Cook Defends Apple’s Tax Practices, Pushes for Tax Code Reform

Apple CEO Tim Cook appeared before a Senate panel Tuesday (May 21) to advocate for a “dramatic simplification of the federal tax code” and to defend against accusations the iPhone maker has been dodging taxes for years.

Although the hearing began with some harsh words for Cook and his company, according to The New York Times, Apple’s CEO seemed to easily win the Senators over although he was frequently lambasted by panel chairman Senator Carl Levin of Michigan.

Levin accused Apple of using “ghost companies” in other countries to avoid paying more tax in the U.S. He described Ireland as a “tax haven” for Apple and even went so far as to say that Apple’s tax avoidances is the reason there is not more money to ensure elderly, low-income Americans have enough to eat each day.

Levin’s comments came a day after Congressional investigators filed a report about Apple’s practices.
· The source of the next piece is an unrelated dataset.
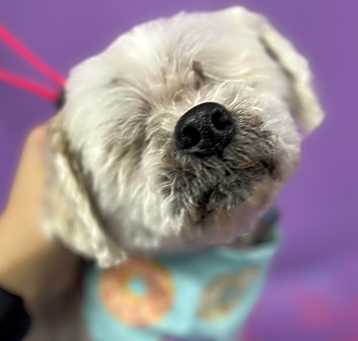 Photo of Charlie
The report indicated that some of Apple’s overseas holdings had no employees and, instead, were run by Apple executives from its headquarters in Cupertino, Calif. By setting up shop in Ireland and other countries, Apple was able to find tax exemptions.

Tim Cook

Tim Cook

Cook, who appeared unruffled throughout the hearing, said, however, that Apple pays 30.5 percent of its profits in taxes each year — that is $16 million a day. This rate also makes Apple the “largest corporate income tax payer in America,” Cook said.

Apple pays “all the taxes we owe — every single dollar,” he added.

All products sold in the U.S. are taxed in the U.S., but, when sold internationally, it’s “taxed in the local market,” Cook said. In Ireland, for example, sales are taxed locally, with proceeds going to AOI. These proceeds, in turn, are taxed by the U.S.

Cook also used his appearance before the Senate committee to push for an overhaul of the federal tax code.

“Unfortunately, the tax code has not kept up with the digital age,” he said.

Cook said a “reasonable tax on earnings” would mean more money for U.S. coffers, adding that the current tax system hinders American companies “compared to foreign competitors.”

Cook said Apple will continue to push for tax law changes even though it “would likely result in an increase in Apple’s U.S. taxes.”